Politica e Sanità
19 Settembre 2012Prima di parlare di convenienza della dpc sulla distribuzione diretta sarebbe opportuno lasciare che sia un’indagine di respiro nazionale a misurare i costi dei due canali. È, in sintesi, il pensiero del Sinafo (il sindacato nazionale dei farmacisti pubblici) sulla ricerca condotta recentemente dal Cref in un’Asl del Nord-est. Come si ricorderà, lo studio misurava in un 30% circa i risparmi che le aziende sanitarie avrebbero ricavato dalla distribuzione del Pht attraverso le farmacie del territorio. «Senza entrare nel merito della validità del metodo utilizzato» è la risposta che arriva da Antonio Castorina e Roberta Di Turi, segretario e vicesegretario nazionale del Sinafo «riteniamo che i risultati della ricerca dovrebbero trovare le necessarie conferme in una indagine che coinvolga le diverse realtà italiane». Nella quale, sottolinea il sindacato, dovrebbero essere presi in considerazione i costi “medi” regionali sostenuti in entrambe le tipologie di distribuzione. «Solo così» proseguono Castorina e Di Turi «si potrebbero meglio apprezzare le dimensioni economiche delle due alternative, lasciando poi a un confronto sereno e obiettivo il compito di definire ruolo e funzioni all’interno della catena distributiva nelle diverse regioni». Il tutto per potere poi arrivare a «un’auspicabile omogeneizzazione organizzativa a livello delle varie regioni». Consapevoli dell’attuale scarsità di risorse, ricordano al Sinafo, «dobbiamo contribuire tutti a qualificare ed ottimizzare sempre di più la spesa farmaceutica contenendo, per quanto possibile, i costi che gravano sulla gestione. Quindi, i dirigenti farmacisti ospedalieri e territoriali del Ssn ribadiscono la propria totale disponibilità a rendere pubblici i costi reali della distribuzione diretta e a un confronto con le altre realtà organizzative».

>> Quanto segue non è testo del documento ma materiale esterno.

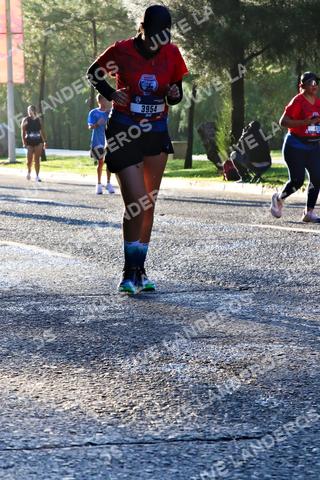 Foto de la CARRERA BIMBO GLOBAL RACE GUADALAJARA a las 07:30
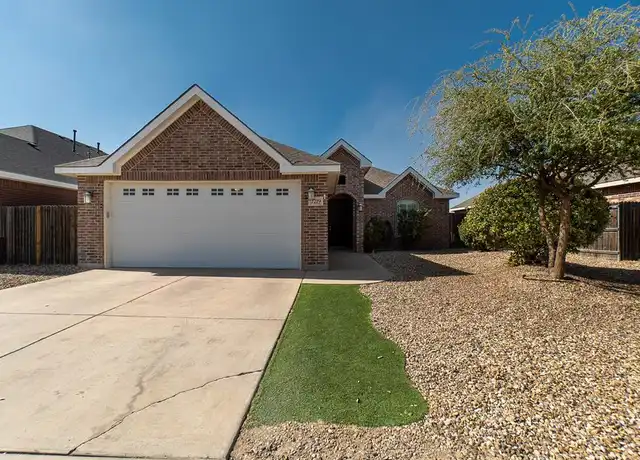 Property at 7219 Bellini St, Odessa, TX, 79765, 3 beds, 2 baths, [object Object]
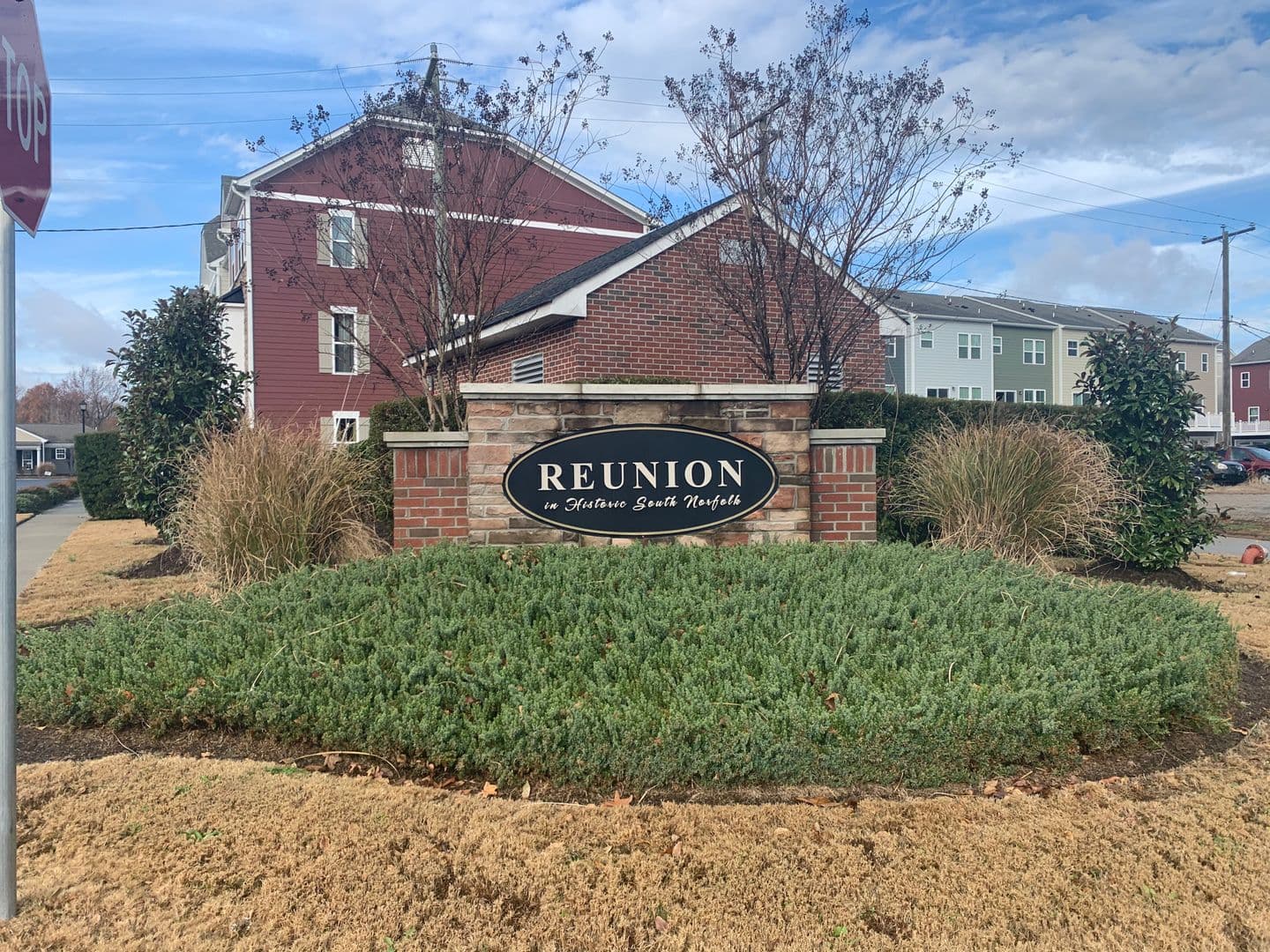Chesapeake Townhome: 4376 Pickney Lane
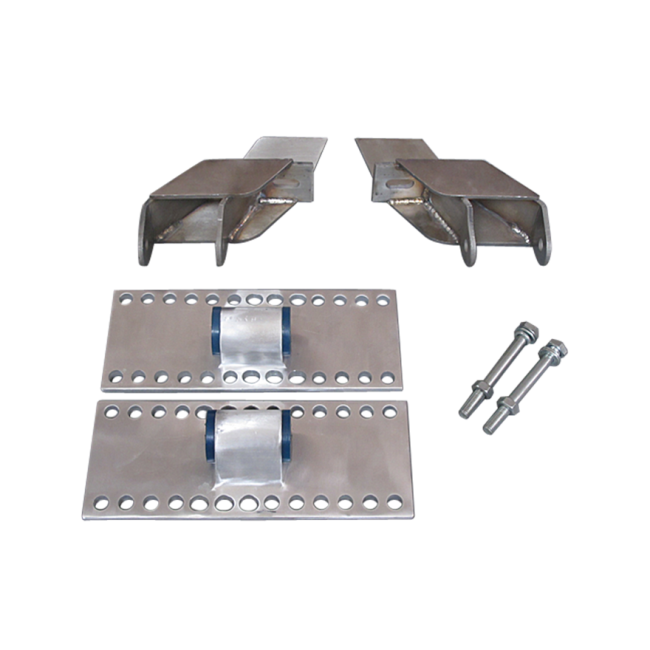 LS1 Engine T56 Transmission Mounts Swap kit For S30 240Z 260Z 280Z GM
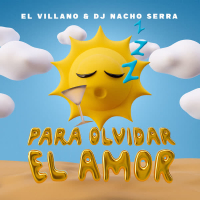 Para Olvidar el Amor (Single)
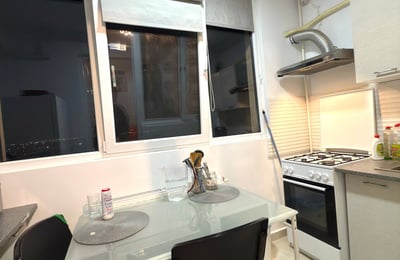 Аренда уютной, меблированной квартиры, Бухарест, сектор 6, Румыния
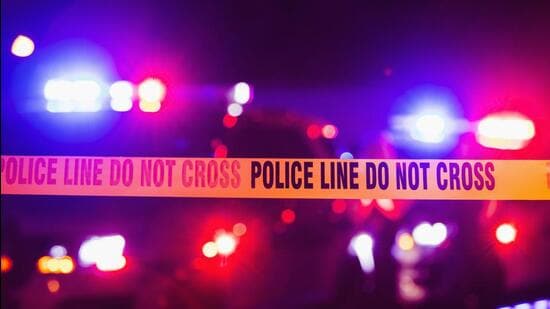 Gujarat man arrested for rape and murder of 4-year-old shot dead by police during custody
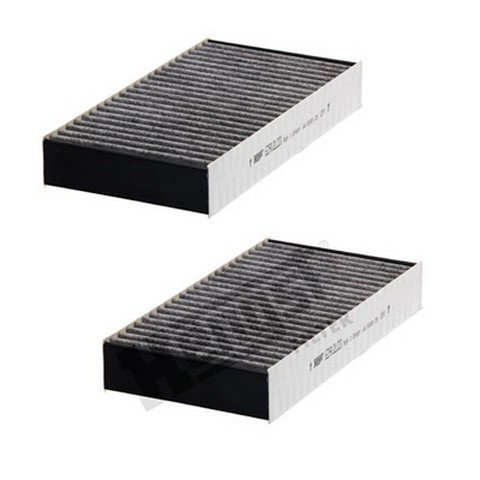 Klima Filtresi Karbonlu 2 Ad. 164  - A1648300218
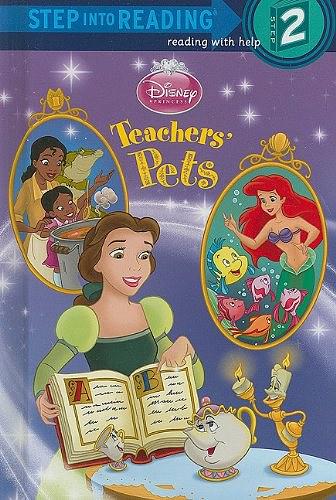 Teachers' Pets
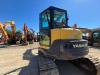 Yanmar SV100-2A-2PB Foto 15 thumbnail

In ogni caso, ricorda ancora il sindacato, ci sono parecchie esperienze che confermano la convenienza economica della distribuzione diretta: «In Sicilia» osservano Castorina e Di Turi «sono stati realizzati risparmi per diversi milioni di euro, mentre nel Lazio la Corte dei Conti ha censurato la Regione nel 2009 per la mancata estensione della distribuzione diretta nelle Asl. La nostra organizzazione è quindi pronta, dove invitata, a partecipare ai diversi tavoli tecnici istituiti per cercare reali soluzioni organizzative al fine di dare le soluzioni più appropriate alle esigenze assistenziali nell’ottica delle giuste esigenze correlate al rigoroso controllo della spesa».